EXERCISE DIRECTIONS. Count every line below that holds "Gallery". The answer is the number alone.
----------
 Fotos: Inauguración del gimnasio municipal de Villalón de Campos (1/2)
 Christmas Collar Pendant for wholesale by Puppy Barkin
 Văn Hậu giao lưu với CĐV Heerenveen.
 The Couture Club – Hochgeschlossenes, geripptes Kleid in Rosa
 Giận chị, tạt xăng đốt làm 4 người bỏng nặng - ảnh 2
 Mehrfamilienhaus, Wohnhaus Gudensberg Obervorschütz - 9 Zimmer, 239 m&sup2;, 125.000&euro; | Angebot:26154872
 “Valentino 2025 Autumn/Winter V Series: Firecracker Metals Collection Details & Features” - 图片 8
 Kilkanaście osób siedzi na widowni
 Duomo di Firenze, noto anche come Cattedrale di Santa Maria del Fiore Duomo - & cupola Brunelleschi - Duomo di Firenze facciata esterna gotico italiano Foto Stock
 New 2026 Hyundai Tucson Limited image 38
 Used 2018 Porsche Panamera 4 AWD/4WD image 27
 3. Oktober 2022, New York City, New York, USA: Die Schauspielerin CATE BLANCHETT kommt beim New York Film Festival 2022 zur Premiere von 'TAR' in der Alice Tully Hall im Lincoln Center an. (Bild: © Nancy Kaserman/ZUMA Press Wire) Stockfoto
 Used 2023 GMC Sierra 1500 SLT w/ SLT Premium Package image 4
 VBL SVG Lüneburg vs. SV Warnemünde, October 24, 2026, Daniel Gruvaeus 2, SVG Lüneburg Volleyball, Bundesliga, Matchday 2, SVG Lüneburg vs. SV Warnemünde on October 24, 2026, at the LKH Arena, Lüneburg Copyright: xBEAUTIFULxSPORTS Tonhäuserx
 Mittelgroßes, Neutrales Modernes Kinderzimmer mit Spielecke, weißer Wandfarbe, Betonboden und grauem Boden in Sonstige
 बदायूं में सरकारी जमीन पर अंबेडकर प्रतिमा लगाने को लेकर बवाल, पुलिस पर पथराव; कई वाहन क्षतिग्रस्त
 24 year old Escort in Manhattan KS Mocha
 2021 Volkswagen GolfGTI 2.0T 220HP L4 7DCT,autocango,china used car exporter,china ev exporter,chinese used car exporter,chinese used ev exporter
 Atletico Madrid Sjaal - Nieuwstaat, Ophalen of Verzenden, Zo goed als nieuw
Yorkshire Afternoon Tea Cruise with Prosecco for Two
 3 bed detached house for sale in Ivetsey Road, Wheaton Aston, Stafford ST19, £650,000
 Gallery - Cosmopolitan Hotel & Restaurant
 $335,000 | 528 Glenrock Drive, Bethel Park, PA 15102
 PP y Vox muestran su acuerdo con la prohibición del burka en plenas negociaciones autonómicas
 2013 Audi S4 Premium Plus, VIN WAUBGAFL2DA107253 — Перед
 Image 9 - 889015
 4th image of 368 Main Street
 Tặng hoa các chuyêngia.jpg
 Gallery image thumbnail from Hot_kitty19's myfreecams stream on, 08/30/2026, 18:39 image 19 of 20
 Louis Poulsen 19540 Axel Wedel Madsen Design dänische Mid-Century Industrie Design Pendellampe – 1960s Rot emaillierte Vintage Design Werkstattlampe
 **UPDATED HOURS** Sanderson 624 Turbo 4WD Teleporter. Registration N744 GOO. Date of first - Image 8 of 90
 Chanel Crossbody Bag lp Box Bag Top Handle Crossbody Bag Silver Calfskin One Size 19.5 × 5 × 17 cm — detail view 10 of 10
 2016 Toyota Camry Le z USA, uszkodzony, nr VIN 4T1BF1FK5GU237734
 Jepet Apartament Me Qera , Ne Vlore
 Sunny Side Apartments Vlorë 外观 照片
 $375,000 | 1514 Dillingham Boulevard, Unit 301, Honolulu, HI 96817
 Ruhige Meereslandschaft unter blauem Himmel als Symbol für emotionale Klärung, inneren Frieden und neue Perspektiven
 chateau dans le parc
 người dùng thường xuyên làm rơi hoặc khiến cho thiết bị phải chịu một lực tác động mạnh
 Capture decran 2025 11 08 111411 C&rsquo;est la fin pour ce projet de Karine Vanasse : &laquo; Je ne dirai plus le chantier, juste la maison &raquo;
----------
TASK RESPONSE. 2